(Provided entries begins)

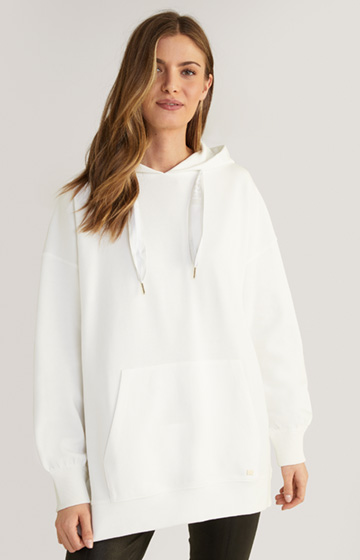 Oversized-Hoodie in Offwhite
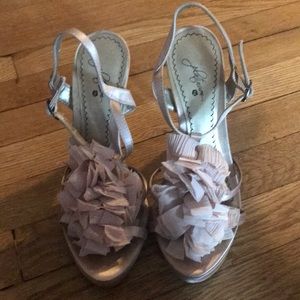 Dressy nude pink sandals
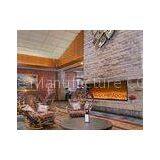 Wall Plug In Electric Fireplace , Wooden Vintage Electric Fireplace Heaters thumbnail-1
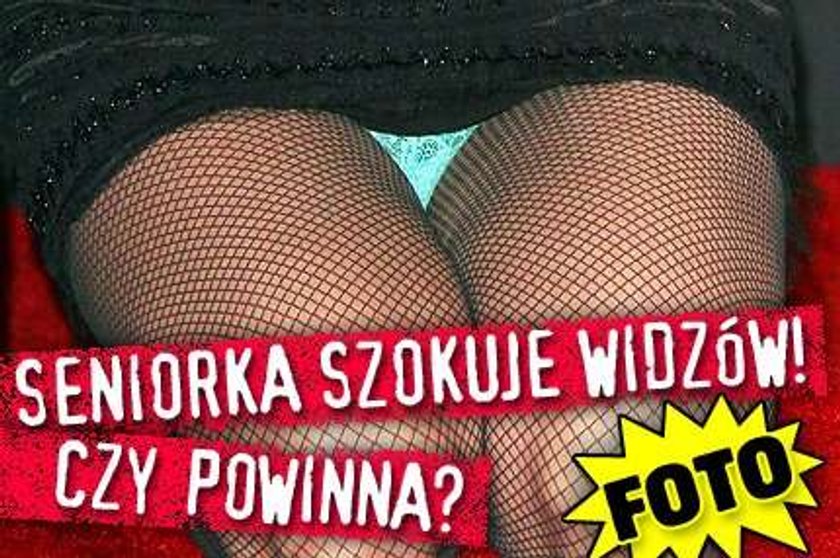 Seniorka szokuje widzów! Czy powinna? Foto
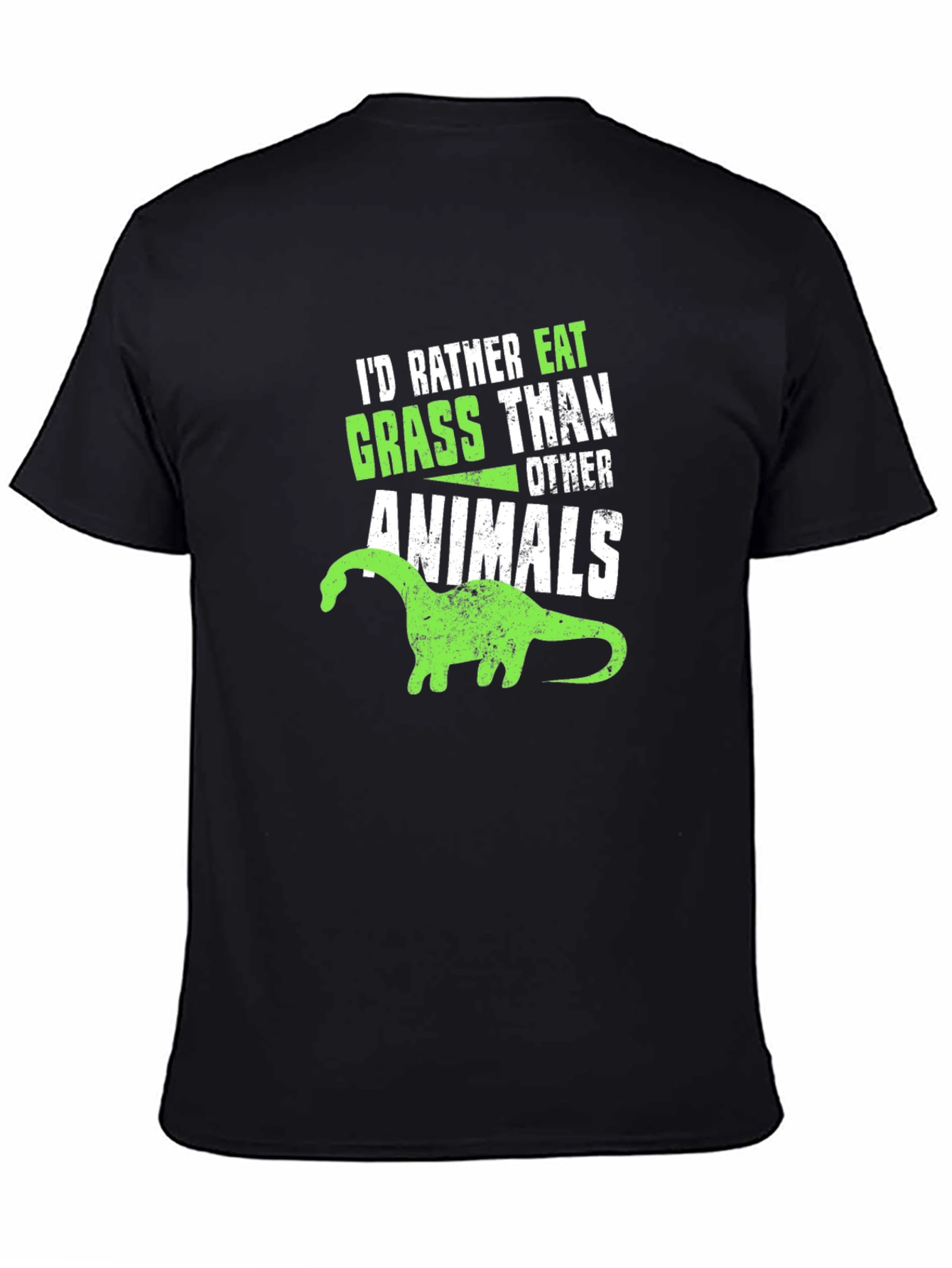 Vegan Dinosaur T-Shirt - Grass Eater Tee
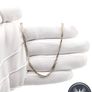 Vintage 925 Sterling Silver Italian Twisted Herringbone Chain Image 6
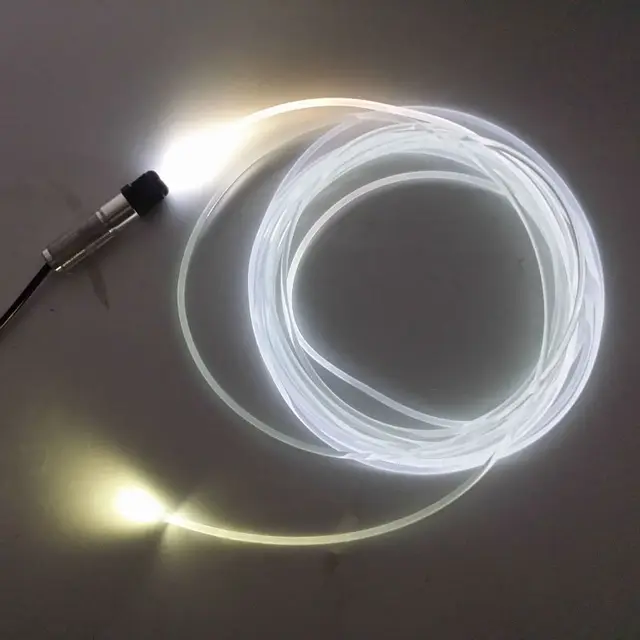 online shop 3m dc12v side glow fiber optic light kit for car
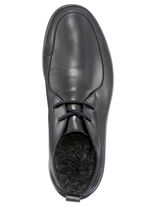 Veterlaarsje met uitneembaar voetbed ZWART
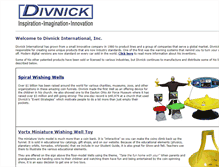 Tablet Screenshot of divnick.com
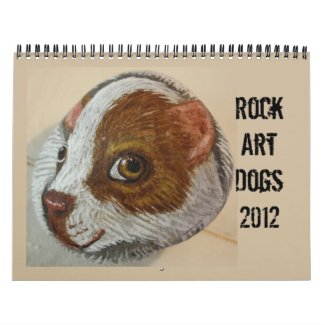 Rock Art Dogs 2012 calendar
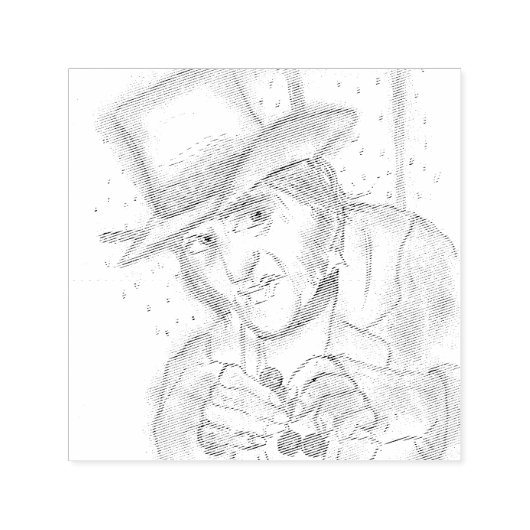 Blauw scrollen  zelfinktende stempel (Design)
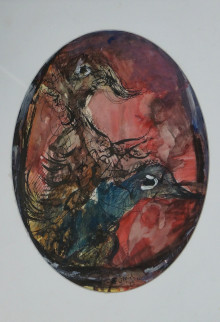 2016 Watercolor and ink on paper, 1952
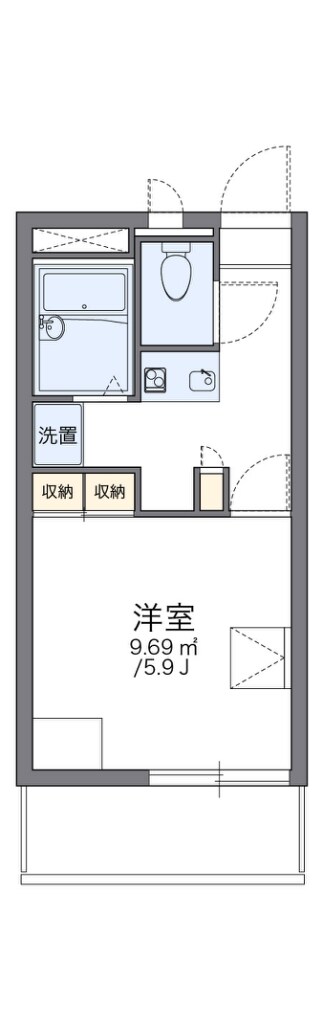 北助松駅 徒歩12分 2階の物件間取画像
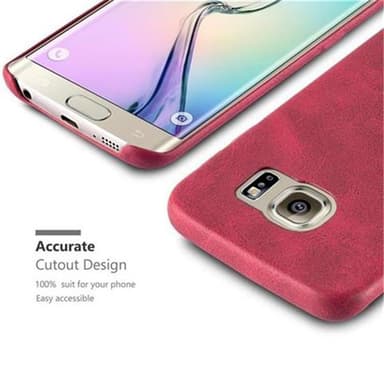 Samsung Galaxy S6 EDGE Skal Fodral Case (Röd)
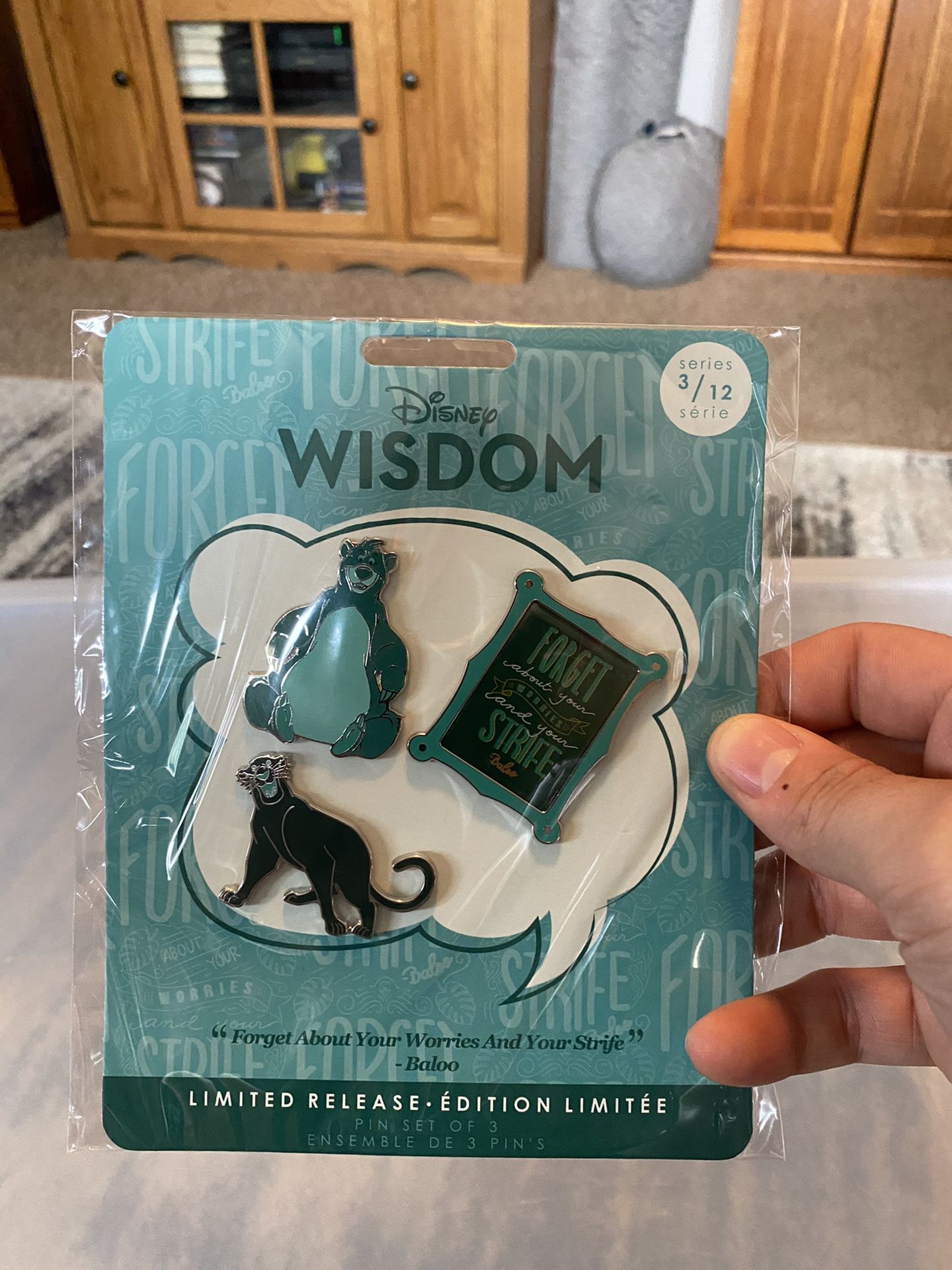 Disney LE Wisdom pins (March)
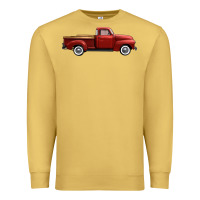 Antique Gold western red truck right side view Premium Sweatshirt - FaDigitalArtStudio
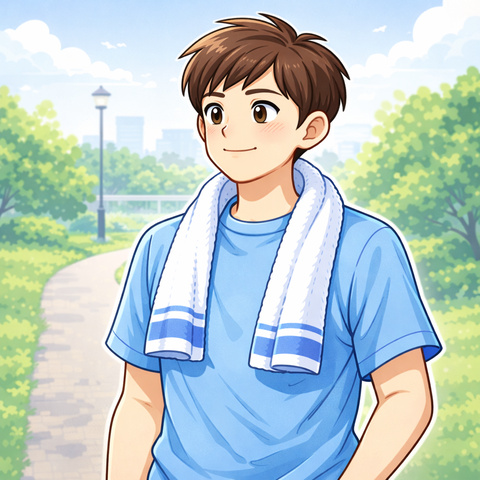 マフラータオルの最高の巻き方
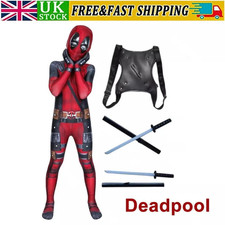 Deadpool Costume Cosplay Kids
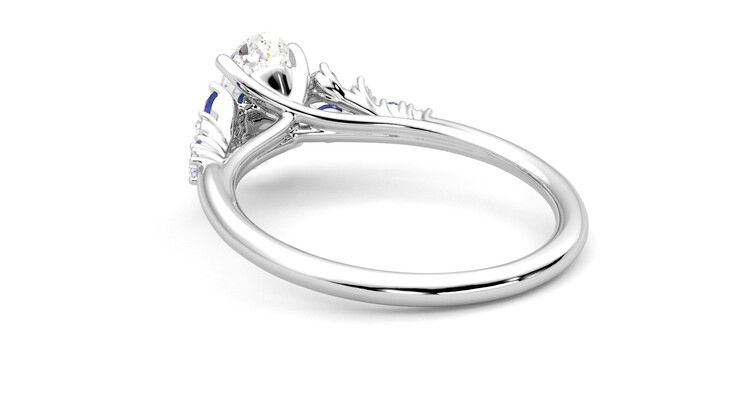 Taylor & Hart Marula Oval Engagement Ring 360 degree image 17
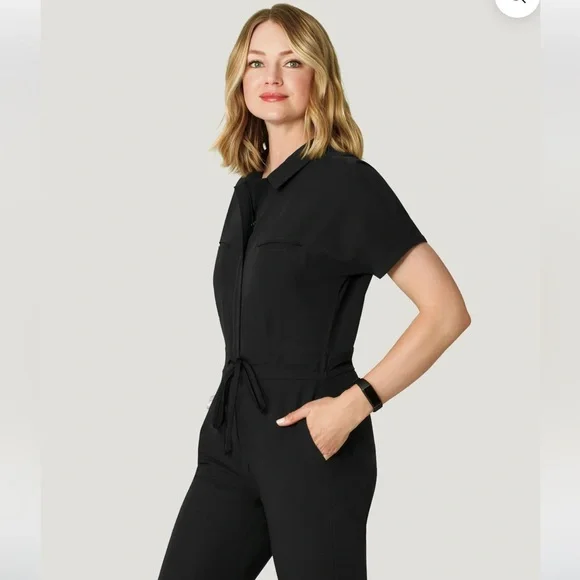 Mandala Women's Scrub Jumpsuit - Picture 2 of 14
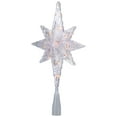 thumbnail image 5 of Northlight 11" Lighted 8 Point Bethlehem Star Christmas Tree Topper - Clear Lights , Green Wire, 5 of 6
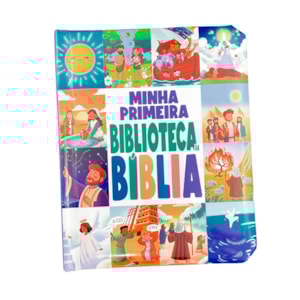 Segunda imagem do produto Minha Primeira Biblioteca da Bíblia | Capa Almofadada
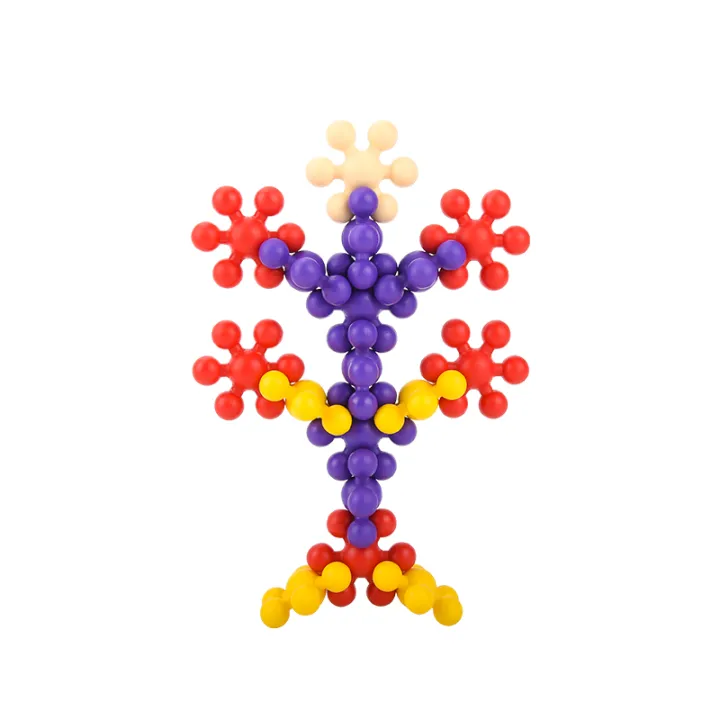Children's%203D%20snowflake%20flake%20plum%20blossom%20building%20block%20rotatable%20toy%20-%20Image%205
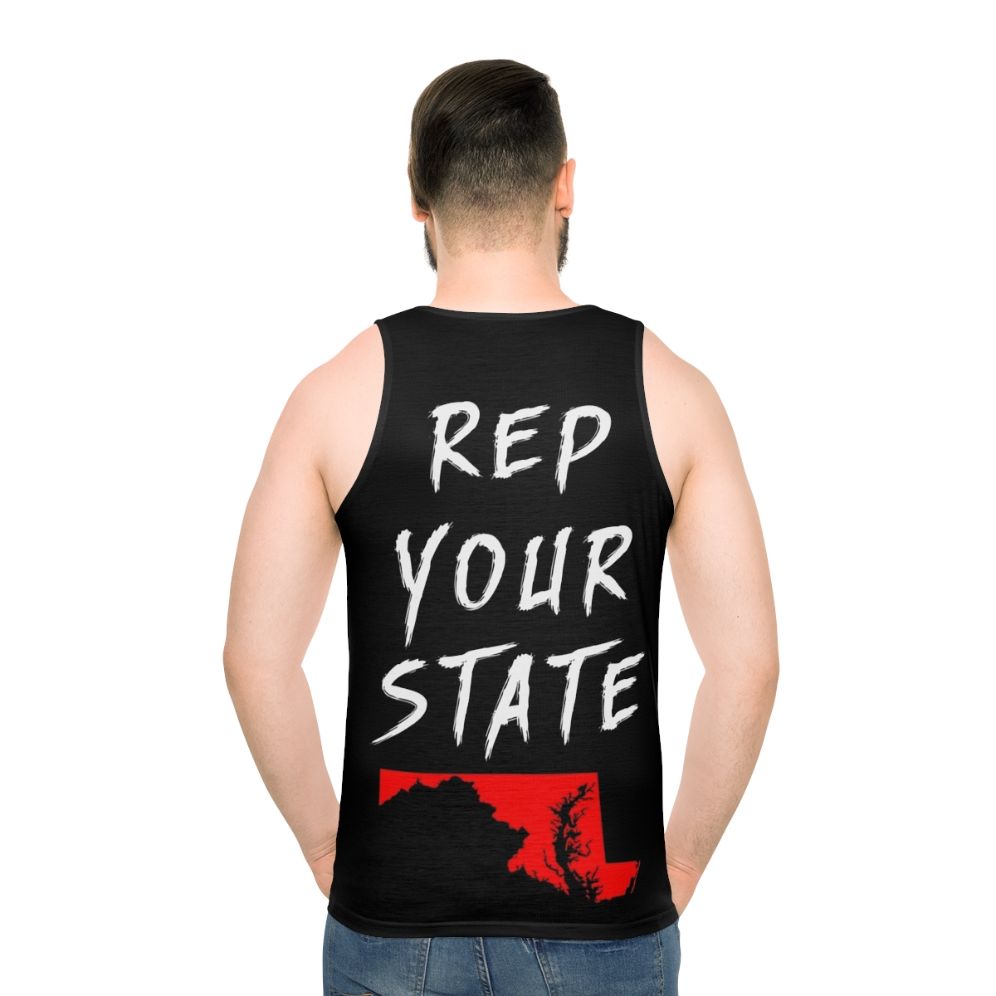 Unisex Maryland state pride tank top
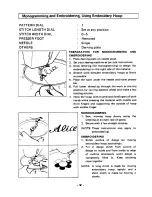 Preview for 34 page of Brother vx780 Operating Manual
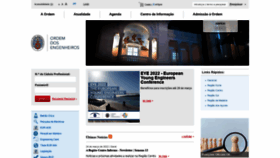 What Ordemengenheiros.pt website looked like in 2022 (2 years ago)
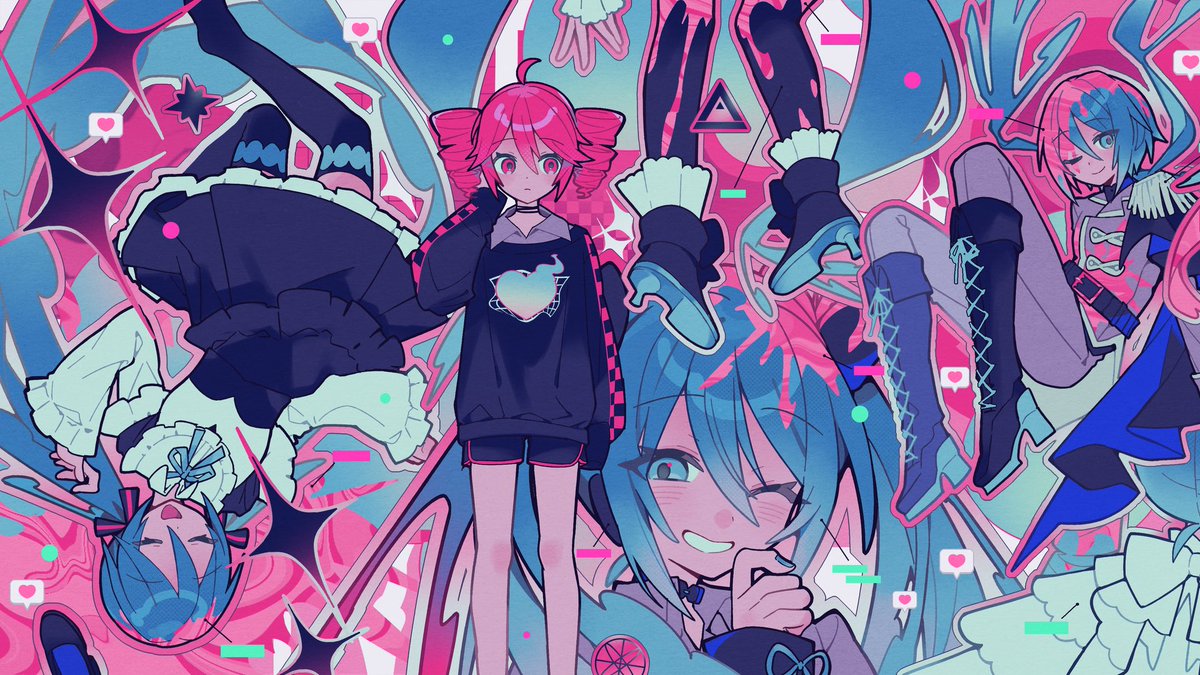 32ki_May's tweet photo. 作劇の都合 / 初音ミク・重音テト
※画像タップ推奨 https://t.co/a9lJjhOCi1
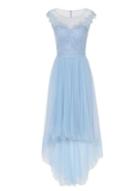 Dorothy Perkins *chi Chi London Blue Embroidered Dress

(Provided entries ends)

→ Exercise brief
Nothing but the lines from the one containing "Segunda imagem do" through the final line of the records, both included and copied exactly, should appear in the answer; pictures stay out.

→ Output
 Segunda imagem do produto Minha Primeira Biblioteca da Bíblia | Capa Almofadada
Children's%203D%20snowflake%20flake%20plum%20blossom%20building%20block%20rotatable%20toy%20-%20Image%205
 Unisex Maryland state pride tank top
 Preview for 34 page of Brother vx780 Operating Manual
 What Ordemengenheiros.pt website looked like in 2022 (2 years ago)
 32ki_May's tweet photo. 作劇の都合 / 初音ミク・重音テト
※画像タップ推奨 https://t.co/a9lJjhOCi1
 Dorothy Perkins *chi Chi London Blue Embroidered Dress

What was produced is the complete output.